Arizona residentsflee as wildfire grows
TUCSON, Ariz. -- About 100 residents were ordered to leave their homes on Mount Lemmon on Sunday as a wildfire in the Coronado National Forest grew to 12,500 acres.
The fire hadn't damaged any structures but had the potential to threaten roughly 700 homes, said Joan Vasey, a forest spokeswoman.
The fire was approaching an area of ponderosas and pine trees and firefighters were trying to prevent it from entering the area and burning out of control, Vasey said.
"They are not too optimistic, even with all our resources, of being able to successfully deal with this fire," Vasey said. "The worst hasn't happened yet, but the potential is there."
The wildfire and extremely dry conditions also prompted officials to close to visitors Sunday the 222,000-acre forest district where the fire was burning.
Mozambicans grieveafter fatal rail crash
TENGA, Mozambique -- The tiny village of Tenga was shrouded in despair Sunday, a day after the worst rail accident in Mozambique history killed about 200 people at a railway station here.
Eighteen of the village's few hundred residents were killed in Saturday's accident, in which a passenger train careened down a hill into a freight train. The victims included several children and three people from a single family. Two other members of that family were missing.
The burying of the dead began Sunday.
"There is much sorrow here," said Paul Wamba, 38, whose nephew and several friends were killed. "The people are consoling each other. They do not know what to do."
Rail officials said the train developed a mechanical fault as it descended a hill, so the driver disconnected the passenger section at the back of the train and drove the front section carrying freight to Tenga station.
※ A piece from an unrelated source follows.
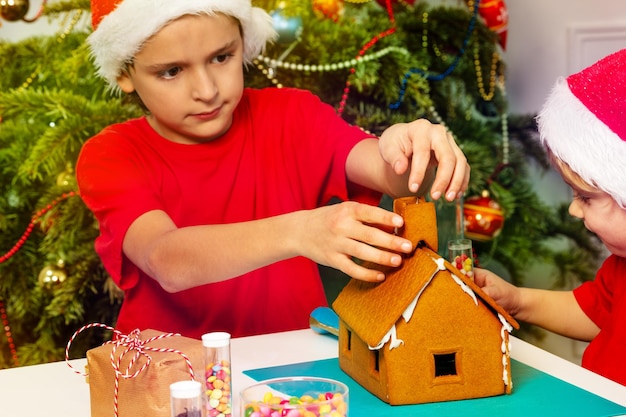 Foto retrato de una niña jugando con un árbol de navidad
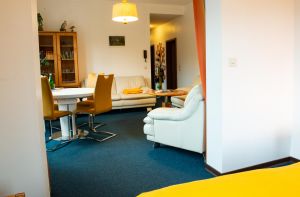 Wohnzimmer mit gemütlicher Sofalandschaft, Esstisch, TV, WLAn & Radio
The driver wedged four large stones under the wheels of the passenger train to prevent it from sliding down the hill, but the stones apparently came loose and the train barreled down the tracks into the freight train, said Antonio Libombo, an official with the Mozambican Railway Company.
Serb suspect arrested
BELGRADE, Yugoslavia -- Serbian police have arrested a Bosnian Serb war crimes suspect wanted by the United Nations war crimes tribunal, state-run Tanjug news agency reported Sunday.
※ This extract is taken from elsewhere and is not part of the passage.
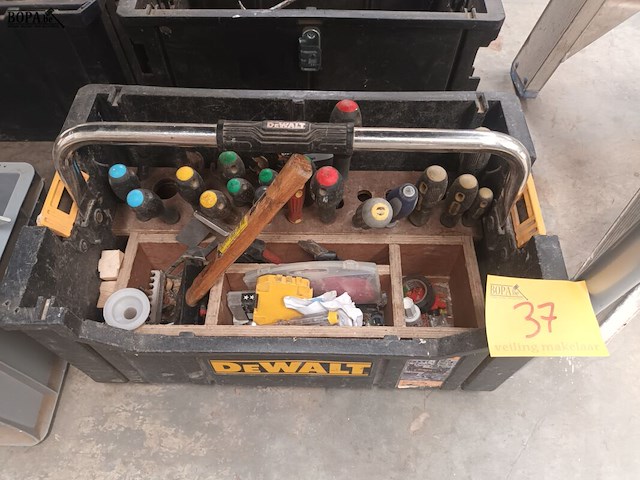 Lot 37 - gereedschapsbak dewalt met inhoud - afbeelding 1 van  3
The arrest of Ranko Cesic, suspected of mistreating and beating victims in Bosnia so badly that some died, was the first arrest by Serb police of a suspect included on a list of Serbs wanted by the war crimes tribunal in The Hague, Netherlands.
Six of the 24 Serbs on the list have surrendered voluntarily, and the Belgrade government has promised to pursue the rest. Those still at large include the two most-wanted: former Bosnian Serb leader Radovan Karadzic and his wartime commander, Gen. Ratko Mladic. Yugoslav authorities contend they are not in the country.
Hippo attack kills 11
BLANTYRE, Malawi -- A hippo attacked a canoe carrying women and children back from an excursion to buy fish at a nearby island, drowning 11 people in Lake Malawi.
When the dug-out canoe was within two miles of shore, the hippo rose from the water and capsized the vessel, police spokesman George Chikowi said Sunday.
The women, many of whom had babies strapped to their backs, were thrown into the lake.
Five women, five children and the man who was steering the canoe drowned. Three women -- including one with a 2-year-old child strapped to her back -- managed to swim to shore in the central district of Nkhota Kota, where they were sent to a hospital.
The attack happened Saturday as the passengers were returning from a shopping trip to Nyamvu Island, some 40 miles from the shore.
Fishing is the main source of income in Nkhota Kota. Men usually set up makeshift villages on islands in the huge lake in the southern African country, and women buy the fish and take them to shore. The lake has large populations of hippos and crocodiles, but they rarely attack boats.